Let’s talk about college rankings. Start by listening to Malcolm Gladwell’s podcast, “Lord of the Rankings” and its sequel, “Project Dillard.” I learned about the ranking methodology USNews uses while studying independent educational consulting at UC Irvine (it’s also posted on usnews.com): 20% of the ranking is based upon a peer assessment survey of academic “reputation”; 22% on retention and graduation; 7% on the percent of faculty with terminal degrees.
The peer assessment means the president of College X gives a rating to its peer institution, College Y, based on what they assume about that college’s quality, even if they’ve never attended, taught at, or set foot on the campus. Retention and graduation rates can be tied to the socioeconomic status of the admitted students. And earning a terminal degree, oftentimes a doctorate, is not equivalent to being a great teacher; in fact, most PhDs are earned through research, not because of excellent teaching.

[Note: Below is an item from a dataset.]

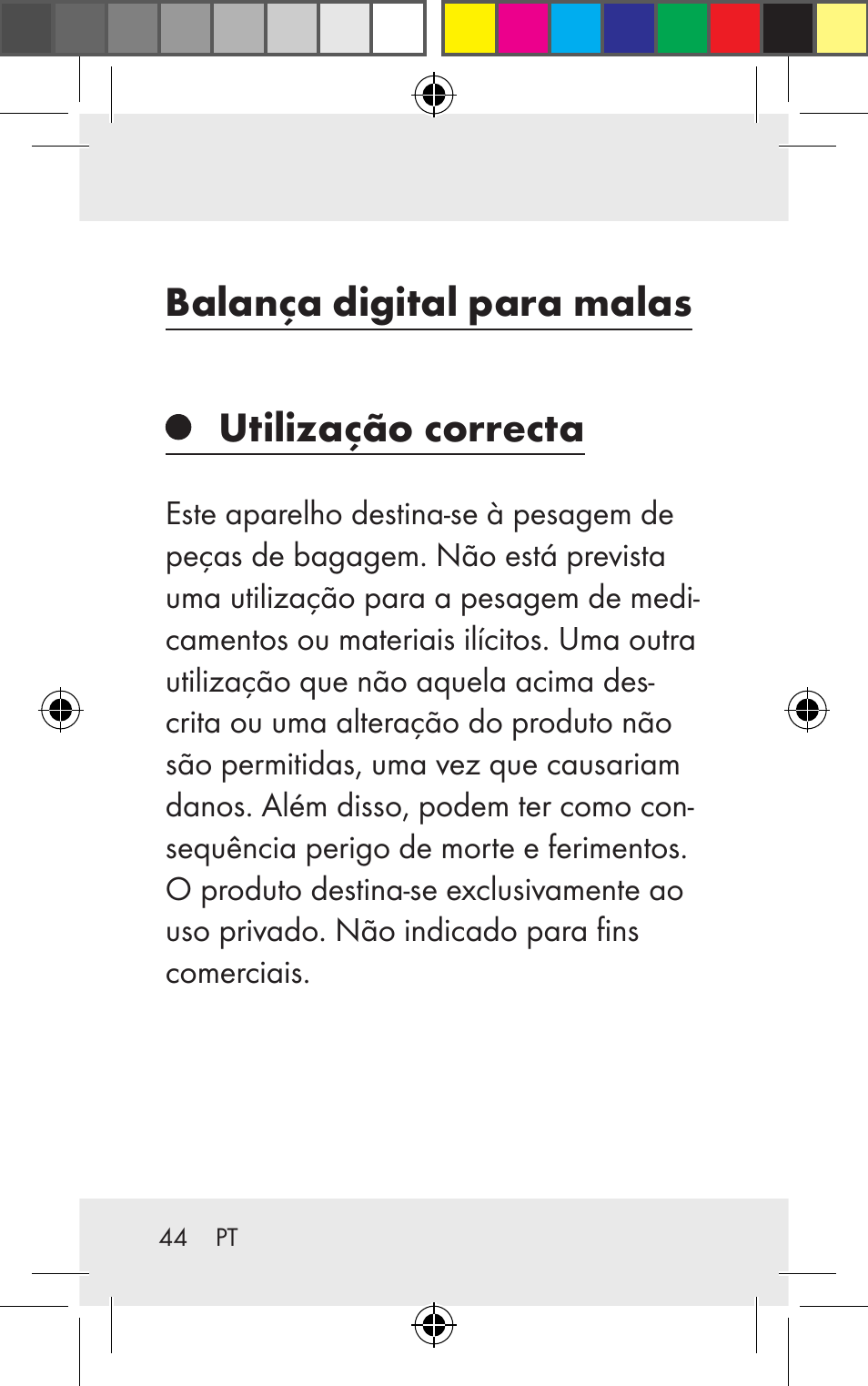 Balança digital para malas utilização correcta | Silvercrest Z31123 User Manual | Page 44 / 98
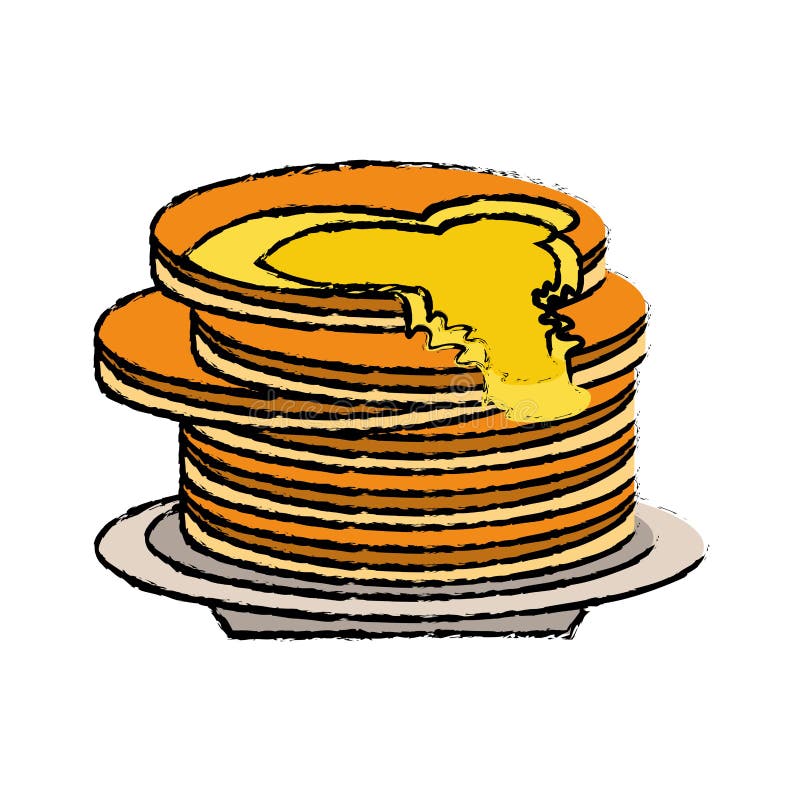 Pancakes with maple syrup stock vector. Illustration of isolated 11796861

That’s the methodology of the rankings that have an outsized influence on American students and their parents. But beyond the methodology, the concept of ranking is flawed. Consumer Reports doesn’t rank a toaster against a washing machine. Is rare sirloin steak the best dinner? Not for a vegetarian. You get the idea. Princeton cannot be the best college for every student. It’s preposterous to have a linear list of bests.